HR Presidente Prudente - Hospital Regional de Presidente Prudente (SP) — Prova 2023
Homem de 56 anos vem apresentando alteração do hábito intestinal, dor abdominal e hematoquezia há 3 meses. Realizou colonoscopia que evidenciou uma lesão vegetante ulcerada no cólon ascendente com 3,0 cm e outra lesão com 2,0 cm no cólon transverso, apresentando as mesmas características. As biópsias das lesões foram compatíveis com adenocarcinoma pouco diferenciado. Estudo imuno-histoquímico mostrou mutação de genes MLH1, MSH2, MSH6, PMS2 e EPCAM. O paciente informou que o pai teve câncer de cólon aos 52 anos e a irmã, aos 48 anos. O quadro clínico é sugestivo de
Síndrome de Lynch = câncer colorretal precoce, múltiplos tumores, histórico familiar e mutações em genes MMR (MLH1, MSH2, MSH6, PMS2) ou EPCAM.
A Síndrome de Lynch (HNPCC) é uma condição autossômica dominante que predispõe a múltiplos cânceres, principalmente colorretal e endometrial, em idades mais jovens. É caracterizada por mutações em genes de reparo de DNA (MMR), como MLH1, MSH2, MSH6 e PMS2, ou no gene EPCAM, levando à instabilidade de microssatélites e ao desenvolvimento tumoral.
A Síndrome de Lynch, anteriormente conhecida como Câncer Colorretal Hereditário Não Polipose (HNPCC), é uma das síndromes de câncer hereditário mais comuns, responsável por cerca de 3% dos casos de câncer colorretal. É uma condição autossômica dominante caracterizada por um risco significativamente aumentado de desenvolver câncer colorretal e outros tumores, como o de endométrio, ovário, estômago, trato urinário, intestino delgado, trato biliar e cérebro, geralmente em idades mais jovens do que na população geral. A fisiopatologia da Síndrome de Lynch envolve mutações germinativas em um dos genes de reparo de DNA (MMR - Mismatch Repair), sendo os mais comuns MLH1, MSH2, MSH6 e PMS2, ou no gene EPCAM. Essas mutações levam a um defeito na capacidade da célula de corrigir erros durante a replicação do DNA, resultando em instabilidade de microssatélites (MSI) e acúmulo de mutações que podem levar à carcinogênese. O diagnóstico é suspeitado por critérios clínicos (como os de Amsterdam ou Bethesda) e confirmado por testes genéticos e imuno-histoquímica dos tumores. O manejo de pacientes com Síndrome de Lynch inclui rastreamento intensivo para câncer colorretal (colonoscopia a cada 1-2 anos a partir dos 20-25 anos) e para outros cânceres associados, além de aconselhamento genético. O conhecimento dessa síndrome é crucial para residentes, pois permite a identificação precoce de indivíduos em risco, a implementação de estratégias de prevenção e rastreamento eficazes, e a oferta de tratamento adequado, impactando diretamente a morbidade e mortalidade desses pacientes.

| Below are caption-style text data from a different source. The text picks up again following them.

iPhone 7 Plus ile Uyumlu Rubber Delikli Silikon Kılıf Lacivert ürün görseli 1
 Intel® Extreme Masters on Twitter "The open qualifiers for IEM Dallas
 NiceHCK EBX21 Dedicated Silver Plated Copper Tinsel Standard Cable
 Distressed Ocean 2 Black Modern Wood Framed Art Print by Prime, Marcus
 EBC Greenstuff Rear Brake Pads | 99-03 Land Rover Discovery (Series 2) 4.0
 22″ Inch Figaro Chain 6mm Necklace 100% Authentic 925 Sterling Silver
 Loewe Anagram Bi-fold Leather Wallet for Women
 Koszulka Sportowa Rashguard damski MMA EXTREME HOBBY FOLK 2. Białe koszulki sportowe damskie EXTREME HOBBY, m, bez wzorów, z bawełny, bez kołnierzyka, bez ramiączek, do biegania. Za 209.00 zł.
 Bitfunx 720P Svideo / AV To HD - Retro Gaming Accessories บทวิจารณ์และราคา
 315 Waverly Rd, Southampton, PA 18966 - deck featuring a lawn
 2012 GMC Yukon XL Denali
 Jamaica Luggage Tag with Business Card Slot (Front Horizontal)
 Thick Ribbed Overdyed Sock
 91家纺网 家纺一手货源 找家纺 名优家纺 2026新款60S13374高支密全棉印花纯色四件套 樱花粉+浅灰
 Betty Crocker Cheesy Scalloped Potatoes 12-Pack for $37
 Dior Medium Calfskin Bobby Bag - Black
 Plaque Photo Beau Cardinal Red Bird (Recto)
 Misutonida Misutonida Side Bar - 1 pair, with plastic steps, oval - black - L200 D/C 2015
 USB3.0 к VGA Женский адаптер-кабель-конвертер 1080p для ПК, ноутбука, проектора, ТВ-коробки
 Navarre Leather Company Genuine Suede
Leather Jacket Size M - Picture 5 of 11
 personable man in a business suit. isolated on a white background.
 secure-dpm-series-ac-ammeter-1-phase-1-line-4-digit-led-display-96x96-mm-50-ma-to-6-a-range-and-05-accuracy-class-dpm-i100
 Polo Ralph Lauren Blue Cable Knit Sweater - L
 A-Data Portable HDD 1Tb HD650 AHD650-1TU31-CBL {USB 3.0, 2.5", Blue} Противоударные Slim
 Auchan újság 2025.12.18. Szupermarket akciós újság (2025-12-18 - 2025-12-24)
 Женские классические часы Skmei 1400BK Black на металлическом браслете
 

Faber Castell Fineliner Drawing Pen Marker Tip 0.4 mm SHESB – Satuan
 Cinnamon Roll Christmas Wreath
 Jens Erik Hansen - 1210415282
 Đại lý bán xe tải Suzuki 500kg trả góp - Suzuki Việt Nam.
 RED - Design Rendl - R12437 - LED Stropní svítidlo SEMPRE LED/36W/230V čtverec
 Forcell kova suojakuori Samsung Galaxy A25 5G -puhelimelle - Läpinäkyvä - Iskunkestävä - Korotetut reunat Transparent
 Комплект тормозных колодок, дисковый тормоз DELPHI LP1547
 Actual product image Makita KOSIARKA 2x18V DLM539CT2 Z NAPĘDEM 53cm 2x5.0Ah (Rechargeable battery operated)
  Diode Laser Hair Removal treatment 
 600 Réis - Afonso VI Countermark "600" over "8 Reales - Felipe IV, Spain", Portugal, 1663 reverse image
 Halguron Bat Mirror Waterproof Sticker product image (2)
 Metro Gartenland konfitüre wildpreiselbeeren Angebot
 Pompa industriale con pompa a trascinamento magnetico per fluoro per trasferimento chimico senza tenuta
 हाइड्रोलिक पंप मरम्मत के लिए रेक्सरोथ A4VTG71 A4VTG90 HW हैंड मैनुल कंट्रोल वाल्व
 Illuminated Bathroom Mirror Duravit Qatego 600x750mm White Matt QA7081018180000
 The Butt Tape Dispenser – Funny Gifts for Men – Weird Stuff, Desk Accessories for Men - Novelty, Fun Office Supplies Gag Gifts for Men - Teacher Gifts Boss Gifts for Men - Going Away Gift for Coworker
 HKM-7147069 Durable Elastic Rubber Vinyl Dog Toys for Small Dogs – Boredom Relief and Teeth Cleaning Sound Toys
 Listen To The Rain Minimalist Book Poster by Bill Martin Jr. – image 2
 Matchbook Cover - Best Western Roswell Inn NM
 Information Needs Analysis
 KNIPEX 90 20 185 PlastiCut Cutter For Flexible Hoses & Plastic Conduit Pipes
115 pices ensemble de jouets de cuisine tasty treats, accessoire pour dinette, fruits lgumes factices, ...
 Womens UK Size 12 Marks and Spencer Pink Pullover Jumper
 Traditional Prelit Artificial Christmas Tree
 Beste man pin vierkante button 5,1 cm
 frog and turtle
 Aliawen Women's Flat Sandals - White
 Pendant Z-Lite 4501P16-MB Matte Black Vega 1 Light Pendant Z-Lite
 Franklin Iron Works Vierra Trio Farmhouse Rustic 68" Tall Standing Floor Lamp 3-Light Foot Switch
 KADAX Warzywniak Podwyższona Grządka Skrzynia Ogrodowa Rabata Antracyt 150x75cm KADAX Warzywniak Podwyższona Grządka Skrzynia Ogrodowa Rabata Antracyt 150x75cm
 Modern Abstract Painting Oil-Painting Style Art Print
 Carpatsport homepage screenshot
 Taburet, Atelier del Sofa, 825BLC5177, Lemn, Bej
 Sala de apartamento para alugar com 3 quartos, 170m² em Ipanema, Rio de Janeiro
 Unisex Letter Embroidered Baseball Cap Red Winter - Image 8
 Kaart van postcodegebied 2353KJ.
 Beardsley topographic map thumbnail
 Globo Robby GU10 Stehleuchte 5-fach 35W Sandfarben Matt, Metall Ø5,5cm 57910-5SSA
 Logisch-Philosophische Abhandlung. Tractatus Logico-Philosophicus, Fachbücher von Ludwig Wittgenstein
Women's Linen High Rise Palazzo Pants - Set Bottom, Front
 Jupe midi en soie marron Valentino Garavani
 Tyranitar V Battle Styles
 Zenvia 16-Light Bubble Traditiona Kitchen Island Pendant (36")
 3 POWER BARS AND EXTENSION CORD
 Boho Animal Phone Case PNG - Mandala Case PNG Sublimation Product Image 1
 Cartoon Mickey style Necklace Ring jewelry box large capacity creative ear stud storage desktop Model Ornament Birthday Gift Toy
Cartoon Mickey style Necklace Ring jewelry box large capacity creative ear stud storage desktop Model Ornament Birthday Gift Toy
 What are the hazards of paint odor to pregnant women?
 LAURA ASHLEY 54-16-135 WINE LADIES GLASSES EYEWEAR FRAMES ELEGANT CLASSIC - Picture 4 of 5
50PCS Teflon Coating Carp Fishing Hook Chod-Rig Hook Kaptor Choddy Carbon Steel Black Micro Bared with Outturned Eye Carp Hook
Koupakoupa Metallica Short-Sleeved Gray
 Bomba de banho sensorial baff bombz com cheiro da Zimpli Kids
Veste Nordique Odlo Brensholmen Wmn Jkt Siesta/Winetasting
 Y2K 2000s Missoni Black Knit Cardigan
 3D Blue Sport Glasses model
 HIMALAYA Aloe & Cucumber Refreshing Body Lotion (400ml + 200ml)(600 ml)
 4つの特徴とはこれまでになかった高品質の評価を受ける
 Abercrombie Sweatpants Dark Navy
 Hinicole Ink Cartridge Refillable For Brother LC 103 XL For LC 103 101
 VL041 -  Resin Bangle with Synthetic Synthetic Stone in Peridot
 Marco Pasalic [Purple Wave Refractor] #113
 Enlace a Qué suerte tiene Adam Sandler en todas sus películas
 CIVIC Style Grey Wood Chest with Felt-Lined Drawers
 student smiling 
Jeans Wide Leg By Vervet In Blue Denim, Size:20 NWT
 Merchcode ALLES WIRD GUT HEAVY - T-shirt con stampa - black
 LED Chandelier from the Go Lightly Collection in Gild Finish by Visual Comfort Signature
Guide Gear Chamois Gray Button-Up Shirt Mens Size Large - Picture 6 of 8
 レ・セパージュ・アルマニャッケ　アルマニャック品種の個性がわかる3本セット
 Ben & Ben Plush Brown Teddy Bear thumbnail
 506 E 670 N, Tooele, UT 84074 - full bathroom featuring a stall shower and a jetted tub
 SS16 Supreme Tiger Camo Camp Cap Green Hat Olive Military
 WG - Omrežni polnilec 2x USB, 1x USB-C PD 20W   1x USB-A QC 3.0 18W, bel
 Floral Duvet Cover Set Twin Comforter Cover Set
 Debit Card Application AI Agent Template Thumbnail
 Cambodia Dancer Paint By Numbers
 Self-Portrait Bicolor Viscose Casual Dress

A Síndrome de Lynch é caracterizada por câncer colorretal em idade jovem (geralmente antes dos 50 anos), múltiplos tumores colorretais (síncronos ou metacrônicos), localização preferencial no cólon direito e um espectro de outros cânceres associados, como endometrial, gástrico, ovário e trato urinário.
A imuno-histoquímica é crucial para rastrear a Síndrome de Lynch, detectando a perda de expressão das proteínas dos genes de reparo de DNA (MLH1, MSH2, MSH6, PMS2) nos tecidos tumorais. Essa perda de expressão sugere a presença de uma mutação germinativa subjacente, que deve ser confirmada por testes genéticos.
O histórico familiar é um pilar diagnóstico, sendo incorporado em critérios como os de Amsterdam e Bethesda. A presença de múltiplos casos de câncer colorretal ou outros cânceres associados à Síndrome de Lynch em parentes de primeiro grau, especialmente em idades jovens, levanta forte suspeita e indica a necessidade de investigação genética.